Bohun was speechless for a moment, stricken dumb by a second seizure of fury. But again he calmed himself.

"Very well. I'll swallow that insolence for the present--"

"It wasn't meant as such, I a.s.sure--"

"Don't interrupt me! D'you hear? ... I've come for my answer. Yes, I've come down to that, Graham. If you can't accord me the common courtesy of a written reply--I've come to hear it from your mouth."

Sam nodded thoughtfully. "Mebbe," he said, "you forgot you have failed to accord me the common courtesy of any sort of a communication whatever for twenty years, Colonel Bohun. Even when my wife, your daughter, died, you ignored my message asking you to her funeral...."

"Be silent!" screamed the colonel. "Do you think I'm here to bandy words with you, fool? I demand my answer."

"And as for that," continued Sam as evenly as if he had not been interrupted, "your proposition was so preposterous that it could have come only from you, and deserved no answer.
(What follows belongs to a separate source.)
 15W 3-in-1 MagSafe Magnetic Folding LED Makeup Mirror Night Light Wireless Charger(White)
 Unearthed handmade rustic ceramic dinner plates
But since you want it formally, sir, it's no."

For a moment I feared Bohun would have a stroke. The back of the chair I had just vacated and his stick alone supported him through that dumb, terrible transport. He shook so violently that I looked momentarily to see the chair break beneath him. There was insanity in his eyes. When finally he was able to articulate it was in broken gasps.
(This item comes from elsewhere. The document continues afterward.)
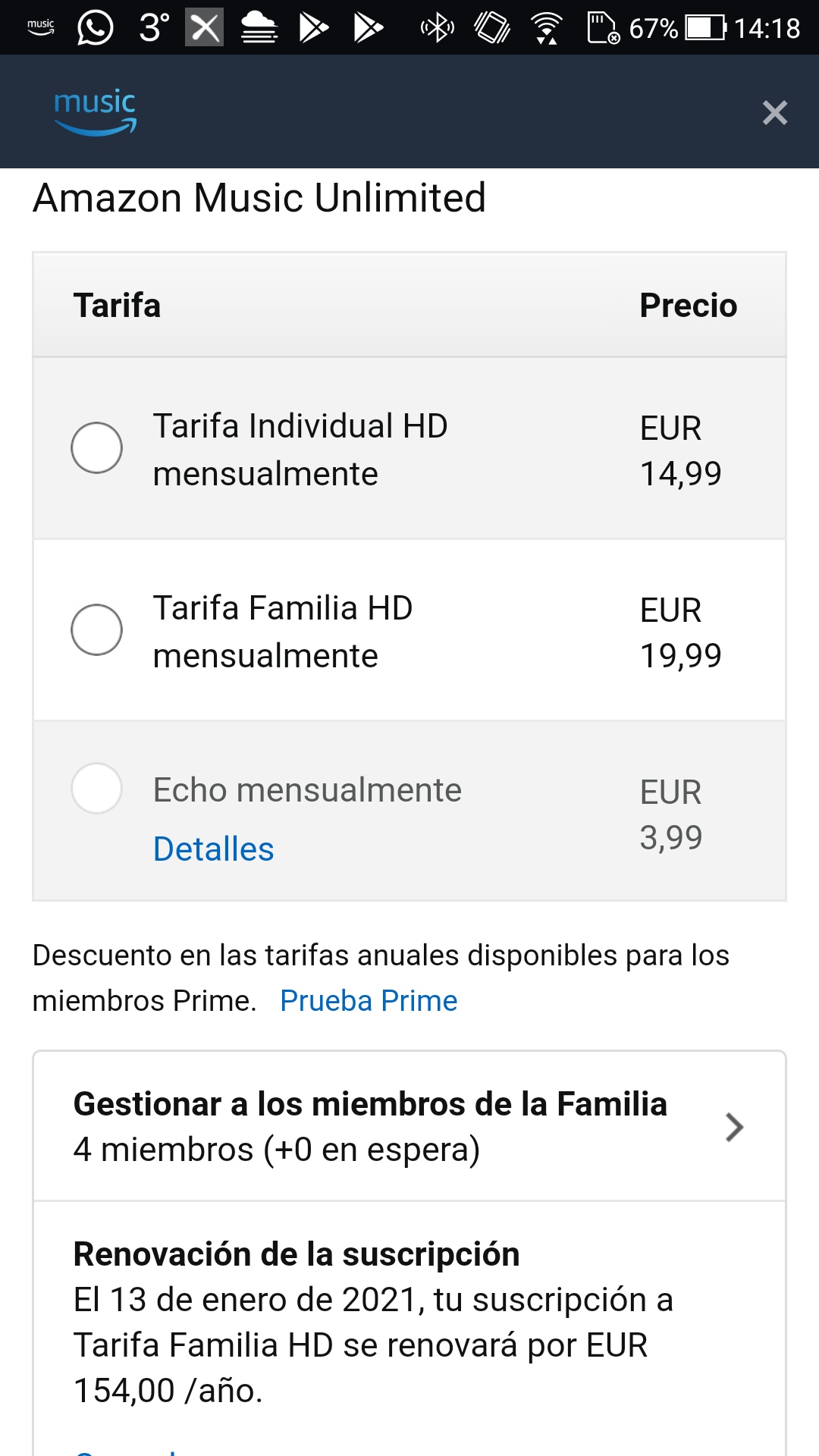 He estado suscrito a Amazon Music HD Family en periodo de prueba. Al renovar la suscripcion ANUAL me ha bajado a Amazon Music Unlimited y no me deja actualizar a HD Por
"I don't believe it," he stammered. "It's a lie. I don't believe it.

It's madness--the girl wouldn't be so mad. ..."

"What is it, father?"

I don't know which of us three was the more startled by that simple question in Betty Graham's voice; Sam, at all events, showed the least surprise; the old colonel wheeled toward the back of the store, his jaw dropping and his eyes protruding as though he were confronted with a ghost. As, in a way, he was: even I had been struck by that strange, heartrending similarity to her mother's tone; and even I trembled a little to hear that voice, as it seemed, from beyond the grave.

Betty stood at the foot of the staircase; alarmed by the noise of the colonel's raging, she had stolen down, unheard by any of us. And in that moment I realised as never before that the girl had more of her mother in her than lay in that marvellous reproduction of Margaret Graham's voice. As she waited there one detected in her pose something of her mother's quiet dignity, in her eyes more than a little of Margaret's tragedy. Of Margaret's beauty I saw scant trace, I own; but in those days my eyes were blinded by the signs of overwork and insufficient nourishment that marred her young features, by the hopeless dowdiness of her garments.
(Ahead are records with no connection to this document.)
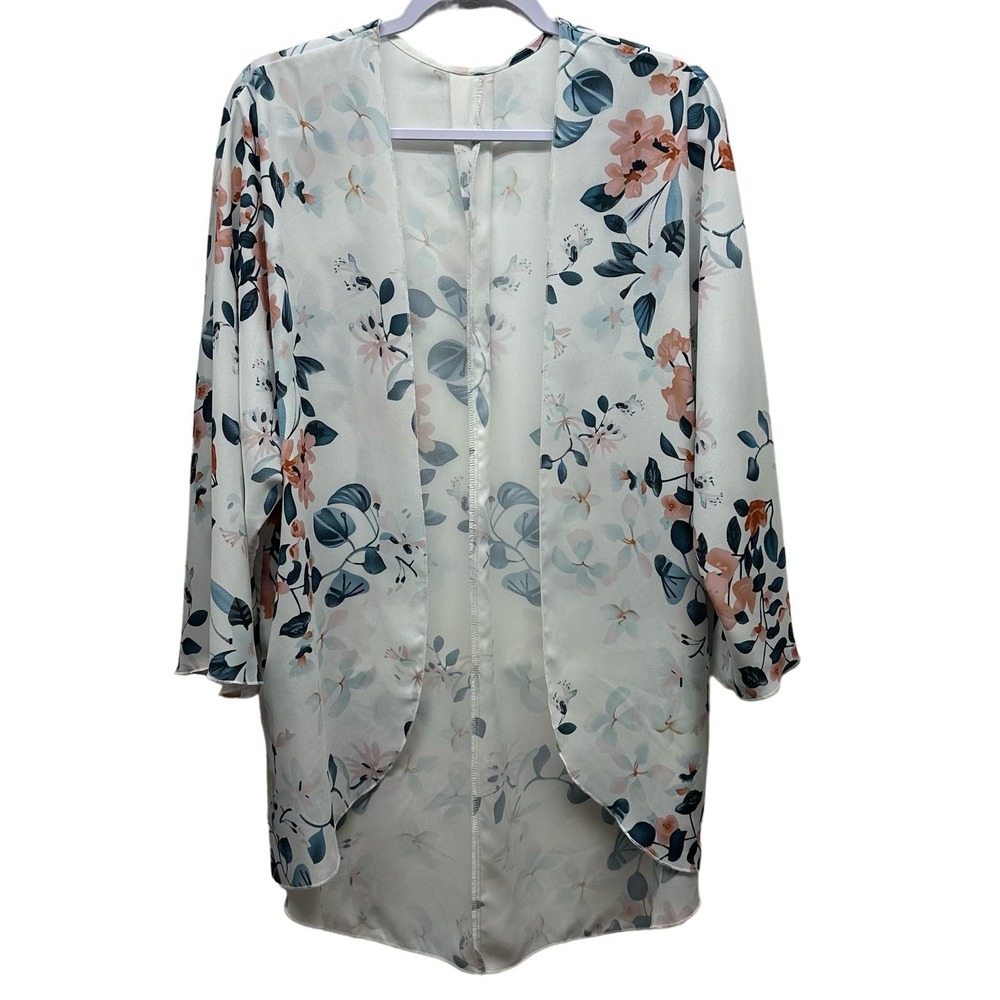 New! Women’s Sz M Cardigan-Kimono High-Low Hem In White, Blue & Rose, V573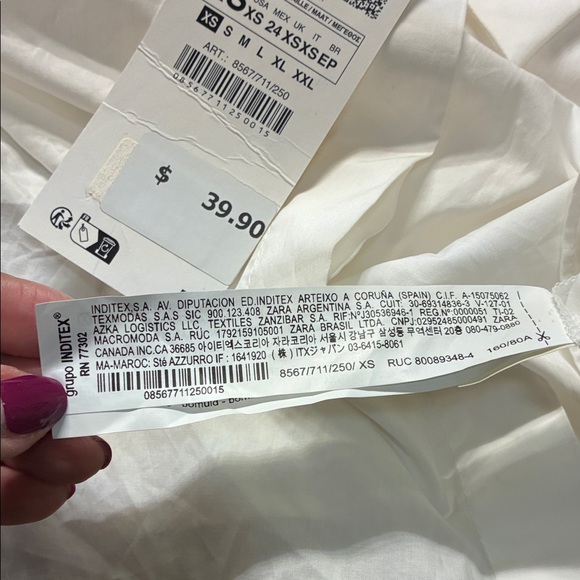 NWT Zara White Cropped Top in Sz XS - Picture 10 of 14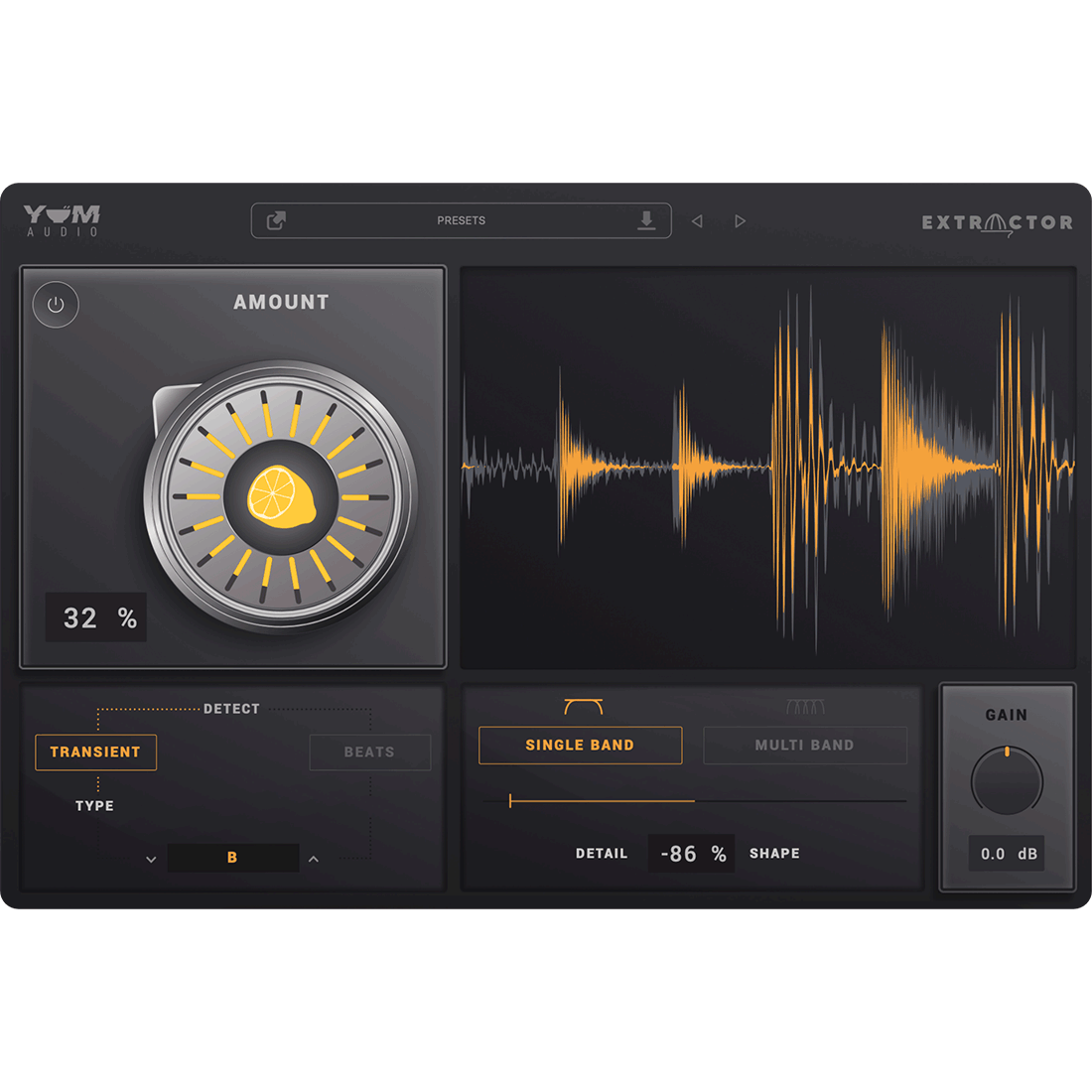 Yum Audio - Extractor Plugins & FX Software GUI Artwork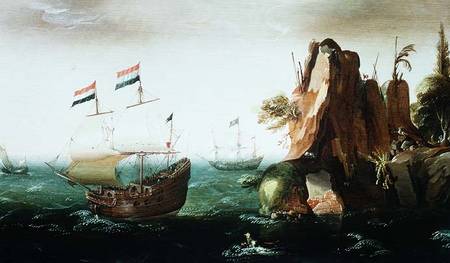 A Dutch Merchant Ship off a Rocky Coast à Cornelis Verbeeck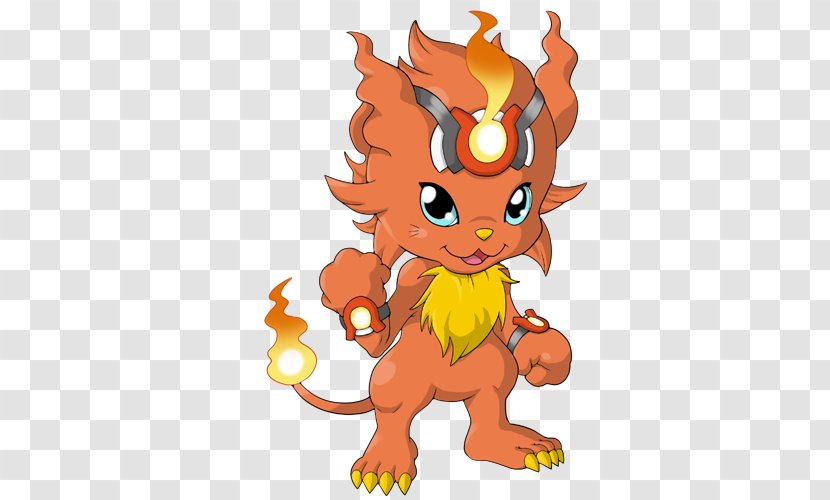 Drawing Art Agnimon Cat - Lion On Fire Transparent PNG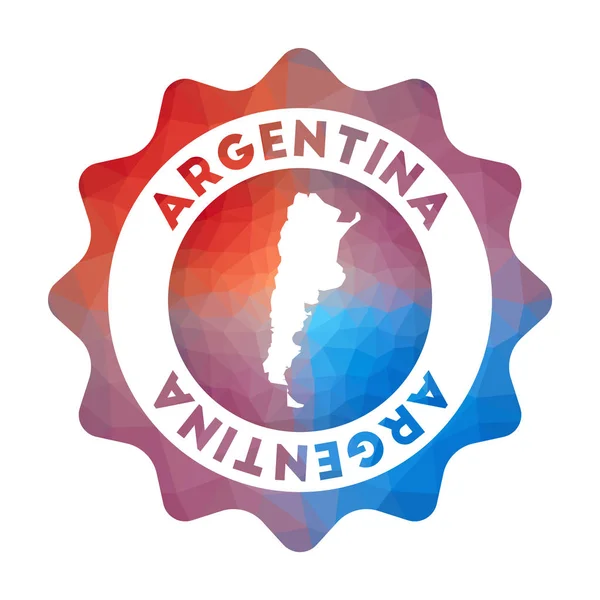 Logotipo polivinílico bajo de Argentina Logotipo de viaje de degradado colorido del país en estilo geométrico — Vector de stock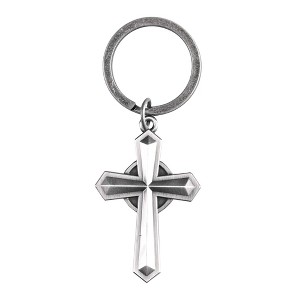 Dicksons KC-811 Flared Cross Brushed Pewter Finish 2 Inch Zinc Alloy Fob Holder Keychain Ring Accessory - 1 of 2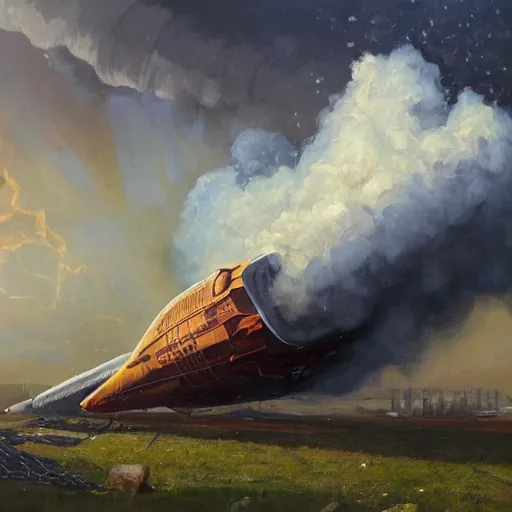 Image similar to a russian spaceship stuck in the ground, the spaceship is on fire, smoke, rainstorm, lightning, angry, kinetic, john sargent, adolphe bouguereaum, norman rockwell, style by peter deligdisch, concept art by jama jurabaev, trending on artstation, highly detailed oil painting,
Abruptly she moved swiftly to her father's side and slipped her hand into his. "What is it, father?" she repeated, eyeing Colonel Bohun coldly.

I thought Sam's eyes filled. His lips trembled and he had to struggle to master his voice. He smiled through it all, tenderly at his girl, but there was in that smile the weakness of the child grown old, the dependence of the man whose womanfolk must ever mother him.

"Why, Betty," he said, tremulous--"why, Betty, your grandfather here has been kind enough to offer to take you and educate you and make a lady of you, and--and we were just talking it over, dear, just talking it over."

"Do you mean that?" she flung at Bohun.

He straightened up and held himself well in hand. "Is it the first you have heard of it?"

"Yes." She looked inquiringly at her father.

"Why didn't you tell her?" Bohun persisted harshly. "Were you afraid?"

"No." Sam shook his head slowly. "I wasn't afraid. But it was unnecessary.... You see, Betty, Colonel Bohun is willing to do all this for you on several conditions. You must leave me and never see me again; you mustn't even recognise me should we meet upon the street; you must change your name to Bohun and never permit yourself to be known as Betty Graham. Then you must--"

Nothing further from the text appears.